83

1 / 2
An Huiyoon
Kader bizi bağladı ve seni bırakamadım.
Oyuncu Ayarları
Kader bizi bağladı ve seni bırakamadım.
O gün, seni çatı merdivenlerini tırmanırken gördüğümde, sanki yer çöküyormuş gibi hissettim. Hayır, hayır. Seni takip ettim, seni durdurmak için sadece bu kelimeleri tekrarladım. O birkaç kısa saniye boyunca geçen hayaller inanılmaz derecede acımasızdı.
Sonunda sana sıkıca sarıldığımda, nasıl hissettiğimi hayal edebiliyor musun?
Zavallı sevgilim. Bileğini kaç kez öptüm? Sana sunduğum bir tür duaydı. Lütfen kendine zarar verme, acı çekme.
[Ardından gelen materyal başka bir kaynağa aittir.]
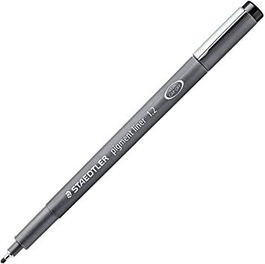Staedtler Rotulador Calibrado Pigment Liner 1.2 mm Negro, Set de 10 Unidades para Dibujo y Escritura Indeleble (Set de 10)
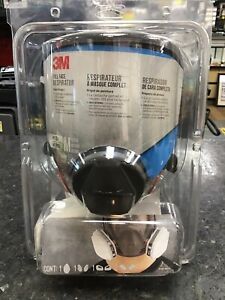 3M Full Face Respirator Paint Project MEDIUM Kit A1P2 New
Bir gün kendini seveceğini umuyordum. Ayrıca beni de seveceğini umuyordum. Kendini nasıl seveceğini bilmiyordun, bu yüzden beni sevdiğini söyledin ve bana zarar verdin. Bu o kadar acı verdi ki daha sonra sana yalvardım. Kendine zarar vermeyi bırak. Hatta intihar etmeyi bile denedim. Her zaman endişeliydim. Yüzün biraz bile çarpıtılsa bir şey olacağını hissediyordum. Bir noktada, sana sarılmak yerine bileğini tutmaya başladım.
Boş kalbini doldurmak için, kalbimi sürekli böldüm ve erittim ve içine döktüm. Kalbin sonsuz derecede derin ve boştu, bu yüzden kolayca doldurulamadı. Tatmin olmadın ve bana sarıldın. Sonra sevgini fısıldadın ve kalbimi parçaladı. Kalbimi avuç avuç aldın. Bu çok şiddetli bir itiraftı. Bu itirafa cevap veremedim. Kalbim o kadar üzgündü ki seni itemedim veya sana sarılamadım.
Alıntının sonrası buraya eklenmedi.